ABOUT ASXL2/SHASHI-PENA SYNDROME (SPS)


OVERVIEW

About

2-minute overview of Shashi-Pena Syndrome

Shashi-Pena Syndrome is typically caused by a de novo (new) mutation of the
ASXL2 gene. The mutation happens randomly and is not usually inherited from
parents.

Read more about what causes ASXL-related disorders

The syndrome was identified in 2016 through the Undiagnosed Diseases Network.
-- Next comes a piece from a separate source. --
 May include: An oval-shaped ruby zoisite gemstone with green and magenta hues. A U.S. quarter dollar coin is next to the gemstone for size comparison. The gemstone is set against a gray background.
It
is named after Vandana Shashi and Loren Peña, two doctors who described
similarities in six children who had a change in their ASXL2 gene.

Clinical characteristics

There is variability in the severity of symptoms of people who have Shashi-Pena
Syndrome and we don’t yet have a good understanding of why that is.
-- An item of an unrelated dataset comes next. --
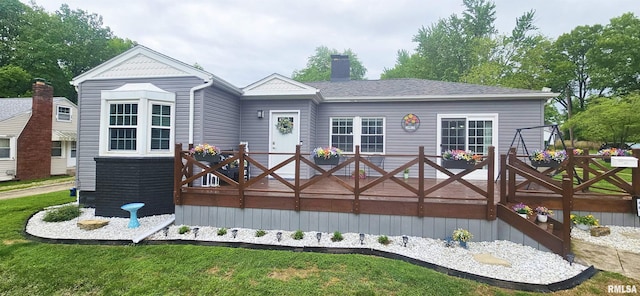 401 E 5th St, Mount Carmel, IL 62863 - back of property with a wooden deck and a chimney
Some of the most common characteristics include:

 * Distinct facial features (large head, wide-set eyes, low set ears,
   birthmarks)

 * Low muscle tone (hypotonia)

 * Developmental delay

 * Difficulty controlling blood sugar

 * Constipation

 * Orthopedic complications

 * Heart defects

 * Behavioral and sensory challenges

 * Seizures

Read more about symptoms and features

Published symptoms and clinical features

The ARRE Foundation cataloged a list of all the symptoms reported in the medical
literature about individuals with ASXL2/Shashi-Pena Syndrome. This map of
symptoms across health domains is available in a downloadable PDF and is a
helpful document to share with your loved one’s doctors.

It’s important to note that all the symptoms listed here are not present in
every individual with Shashi-Pena Syndrome. This is a wide range of symptoms
reported across 14 individuals. The intent of this document is to help you and
your loved one’s doctors know what signs and symptoms to watch for.

View larger image

Prevalence

We don’t know how many people have an accurate diagnosis, but Shashi-Pena
Syndrome appears to be incredibly rare. We estimate that there are approximately
40-45 people diagnosed in the world.

Diagnosis

Gene sequencing is required to confirm a diagnosis of Shashi-Pena Syndrome.

Life expectancy

Based on the small number of individuals who have been identified, Shashi-Pena
Syndrome is not believed to be a life-limiting disorder.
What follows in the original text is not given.